| 
Tribune Revenues Increased 6% in May
Publishing
revenues up 3%
Television
revenues up 12%
CHICAGO, June 16, 2003 --
Tribune Company (NYSE: TRB) today reported its summary of
revenues and newspaper advertising volume for period 5, ended
May 25, 2003. Consolidated revenues for the period were $452
million, up 6 percent from last year’s $429 million.
Publishing revenues in May were $317 million, 3 percent higher
than last year’s
$307 million. Advertising revenues increased 3 percent to
$245 million, compared with $237 million in May 2002. Total
advertising inches were up 3 percent, while preprint pieces
grew 4 percent.
- Retail print advertising revenues increased
3 percent due to gains in most categories, led by department
stores and home furnishing, which were partially offset
by a decrease in electronics and food. Preprint revenues,
which are principally included in retail, were up 9 percent.

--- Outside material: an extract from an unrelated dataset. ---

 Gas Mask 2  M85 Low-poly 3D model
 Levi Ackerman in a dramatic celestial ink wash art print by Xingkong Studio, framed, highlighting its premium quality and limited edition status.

Full run retail linage was down
2 percent.
- National print advertising revenues rose
13 percent due to strength in high-tech (telecommunications
and computers), auto manufacturers, financial and entertainment;
full run national volume was up 13 percent.
- Classified print advertising revenues decreased
3 percent, due to softness in help wanted, which was down
17 percent. Auto and real estate were up 1 percent and
16 percent, respectively. Full run classified volume was
up 3 percent in the period.
- Interactive revenue increased 12 percent
due mainly to gains in classified.
Broadcasting and Entertainment group revenues
increased 11 percent to $136 million, compared with $122 million
in May 2002. Television revenues increased 12 percent. Excluding
WTTV-Indianapolis, which was acquired in July 2002, and KPLR
in St. Louis and KWBP in Portland, both acquired in March
2003, television revenues increased 7 percent due to improved
advertising market conditions. Radio/Entertainment/Other revenues
improved 7 percent primarily due to an increase at Tribune
Entertainment.
For the second quarter, the company expects
earnings per share to be within the range of analysts’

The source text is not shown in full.